The Internet is a modern-day electronic cockroach; it adapts and survives,
says Roopinder Singh, as he examines how most users were not even
aware of the biggest attack on the World Wide Web.
TO
those of us in India who are usually disconnected from the Internet for
one reason or the other, the answer to the question, "Can the
Internet ever go down?" would be surprising: No. The proof of this
came on October 21 when a powerful attack was launched on the Internet,
and yet most of us were not even aware of it.
The Internet is the
world’s largest distributed computer network and has been designed
such that it has a high degree of redundancy and resilience. When two
computers connect on the Internet, they can do so from a variety of
routes and connections, and the system is designed in a way that if a
part of it is not functioning for whatever reason, other parts take
over.
Why Internet?
The Internet was
designed by US defence experts with active help from various
universities to be a network that could survive nuclear hits and still
connect vital personnel. Over the years the civilian use of the Internet
has eclipsed the military origins and it has become the world’s
largest dispenser of information.
We are used to one or a
couple of companies providing us with services like electricity and
water. The Internet, on the other hand, is not controlled by any
company, or even any government, not even the US Government that started
it. It is an international matrix of lakhs of networks owned by tens of
thousand of entities. There are said to be as many as 10,000 Internet
service providers (ISPs) and they are the ones that provide access to
the Internet to individuals and businesses.
How Internet works
Traffic on the Internet
is through packets of data. Your data is first chopped into small,
manageable packets. They go to your local ISP, which in turn sends them
to a bigger network and so on, till they reach the destination, where
they are seamlessly reassembled.
How do you get to a
site on the Internet? Well, actually, you access the World Wide Web,
which is a part of the Internet. Let us say that you want to go to the
Website of The Tribune. You input the Web address (www.tribuneindia.com)
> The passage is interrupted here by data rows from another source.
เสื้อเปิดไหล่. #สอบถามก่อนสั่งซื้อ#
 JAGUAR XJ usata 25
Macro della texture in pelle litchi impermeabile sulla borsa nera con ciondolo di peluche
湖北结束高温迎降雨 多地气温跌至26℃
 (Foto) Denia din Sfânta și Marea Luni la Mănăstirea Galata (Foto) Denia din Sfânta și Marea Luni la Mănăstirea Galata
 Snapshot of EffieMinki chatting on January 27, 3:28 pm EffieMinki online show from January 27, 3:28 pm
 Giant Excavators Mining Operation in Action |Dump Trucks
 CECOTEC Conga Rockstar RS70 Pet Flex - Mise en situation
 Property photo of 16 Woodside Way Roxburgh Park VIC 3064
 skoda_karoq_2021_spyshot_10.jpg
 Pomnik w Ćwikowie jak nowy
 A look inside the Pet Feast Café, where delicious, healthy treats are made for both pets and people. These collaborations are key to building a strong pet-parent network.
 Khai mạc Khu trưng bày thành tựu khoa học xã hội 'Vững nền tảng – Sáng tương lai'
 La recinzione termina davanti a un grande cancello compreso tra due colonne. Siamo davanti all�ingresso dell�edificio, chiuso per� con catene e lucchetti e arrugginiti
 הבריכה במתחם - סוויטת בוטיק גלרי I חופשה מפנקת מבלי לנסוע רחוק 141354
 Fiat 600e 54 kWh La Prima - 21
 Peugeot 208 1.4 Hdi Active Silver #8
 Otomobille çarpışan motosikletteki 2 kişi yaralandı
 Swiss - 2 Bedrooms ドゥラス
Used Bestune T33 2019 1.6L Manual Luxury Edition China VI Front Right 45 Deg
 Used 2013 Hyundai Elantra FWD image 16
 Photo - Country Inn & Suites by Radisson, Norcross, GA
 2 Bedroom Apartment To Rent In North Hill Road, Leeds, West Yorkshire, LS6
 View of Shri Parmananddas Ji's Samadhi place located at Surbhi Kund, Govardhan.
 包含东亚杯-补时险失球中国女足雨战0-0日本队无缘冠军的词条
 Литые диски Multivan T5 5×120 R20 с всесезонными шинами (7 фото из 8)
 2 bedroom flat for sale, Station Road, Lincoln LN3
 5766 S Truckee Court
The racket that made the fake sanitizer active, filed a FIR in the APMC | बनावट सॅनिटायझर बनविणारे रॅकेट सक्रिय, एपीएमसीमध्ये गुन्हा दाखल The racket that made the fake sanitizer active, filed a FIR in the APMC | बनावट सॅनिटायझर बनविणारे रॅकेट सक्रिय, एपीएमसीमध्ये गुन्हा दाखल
in the browser window. This address is also called the universal
resourse locator (URL). Now, actually The Tribune Website’s
Internet address (IP number) is 64.14. 239.174.
Your service provider’s
network has computers that have a list know as domain name service
(DNS). This matches the name (www.tribuneindia.com) and supplies the IP
number 64.14. 239.174. Once you have this information, you are well on
the way to access the information you wanted.
The root
At the very basic
level, there are 13 big name servers, called root servers, which direct
queries to top-level domains. The attack on Monday briefly brought to
knees nine out of these 13 servers and is considered one of the most
powerful attacks on the Internet. We need to remember that the servers
are place at different geographical locations all over the world and
designed to operate independent of each other. The attack was severe,
and it lasted an hour, but most of the Internet users did not even
notice it.
The attack
At the basic level,
this was a denial of service or smurf attack. Such attacks are typically
launched after hackers take over thousands of computers of unprotected
networks like those of universities and corporations, and use them to
send unnecessary or junk data packets at a particular time to the
selected targets, which tie themselves in knots in trying to answer
meaningless queries. This attack was a large attack, though experts said
it was not a particularly vicious one and the computers were temporarily
overwhelmed, i.e., they were unreachable or debilitated by the traffic,
though defensive measures by experts restored them soon. Network
administrators do admit that the service was degraded during this time,
though it did not break down.
The US Government has
been aware of this problem and, in fact, President Bush’s top computer
security adviser, Richard Clarke, has been warning for months of this
very kind of an attack. Some computer experts contend that Monday’s
attack was a close call, and in case one more computer had failed,
e-mails and Web browsing for many people across the Internet would have
been disrupted.
Theoretically, the
Internet could function even if only one of the root servers is
functioning, though this has never been tested. The two most serious
outages concerning root servers occurred in August 2000 when four of the
13 root servers failed for a brief period because of a technical glitch
and in July 1997 after experts transferred a garbled directory list to
seven root servers. The problem was not corrected for four hours and
traffic on much of the Internet ground to a halt.
Kinds of disruptions
Typically, the
disruptions that we experience are different. When we normally say that
the Internet is down, we refer to the connectivity between our computer
and the Internet. A telephone dial-up connection is most commonly used
for this purpose and in areas where it is unreliable, the Internet can’t
be accessed.
Some lucky souls have
cable connectivity that gives them much better access and near-broadband
capabilities, but this is for a minority, the rich one, and even this is
susceptible to disruptions or outages. In fact, all "last
mile" delivery systems—modem dialup, ISDN, DSL, cable modem,
wireless, leased line, etc.—are like approach ramps to the information
superhighway. If one ramp is not accessible, you can get on the highway
through another ramp.
Once you are on the
superhighway, there is a vast network, with built-in redundancies, to
get you to your destination. On the Internet, most of the rerouting is
dynamic, and happens automatically.
Decentralised
strength
Of course, if the biggest
highways, called backbones, are backed up, there are delays, but till
now there have not been too many. Last year, a main Internet access
cable was cut in the South China Sea, traffic slowed down for a few
hours, another route was found and connectivity restored.
The very nature of the
Internet, its decentralised structure, is its greatest strength. It is a
network that has shown resilience. No wonder, it is called the cockroach
of the modern age—it survives, it adapts.